One question that I get asked quite a bit by attendees are my clients that we consult with is if we have a limited budget to make improvements to our site, should we invest it in improving our internal search, giving people better search results, or should we invest in improving our information architecture and the visible navigation that’s available to users on the page? How do you know? How do you decide which one deserves your research dollars?
Well, to answer that question, let’s first back up. What is it that makes someone use search versus navigation? People are likely to use search if they know that your site searches a whole universe. So something like Google or YouTube or Amazon, people are generally pretty confident that if they take the time to type in a search query, they’re going to get results that get them closer to their goal. Now, many sites don’t have that luxury. Not all users are aware of the whole scope of our offerings. Wouldn’t that be nice? So instead, users will look to navigation to help learn about this Web site’s offerings. What is it that we offer? What can we provide in terms of services or help or support? So for that reason, for many cases, your navigation is going to be critical. Now, one other reason why it’s often really useful to invest in better navigation and categories is because search requires a lot of effort.
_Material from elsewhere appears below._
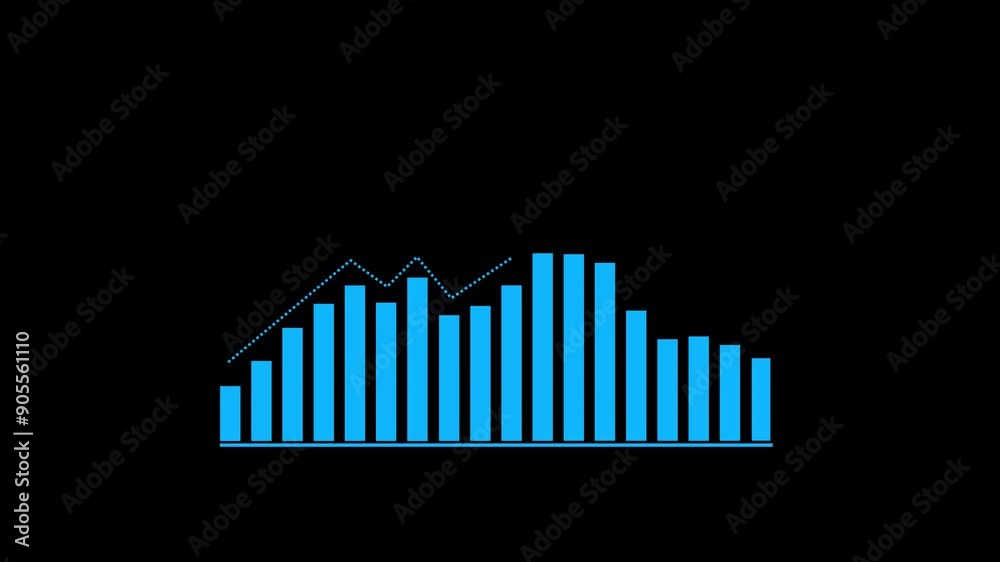 Business graph showing good profit growth. Business growth concept. Graph with racing up arrow and bar state. On black background Business graph showing good profit growth. Business growth concept. Graph with racing up arrow and bar state. On black background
People have to actually take the time to recall a keyword that’s going to help them. They have to think about what’s the best way that the site is going to know what I want. Now, let me type that in. And speaking of typing, typing can be pretty effortful, especially if it’s on a touch screen like a mobile device or a tablet. So there’s a high burden to search and there’s a high risk that when a user does a search that they’re going to get no results. So for that reason, you really want to make sure that your navigation categories help do that work, of providing the user with a sense of what’s in the information space. They’re more likely to be able to discover information that they didn’t know was there, and they’ll more likely to be able to find information that they came looking for. On the other hand, you might decide to invest in search if you’re confident that your users expect search to be the primary way to navigate on your site. And if you’re confident that your users know the whole range of your product offerings. But for the vast majority of cases, the short answer is you’re going to have to invest in both.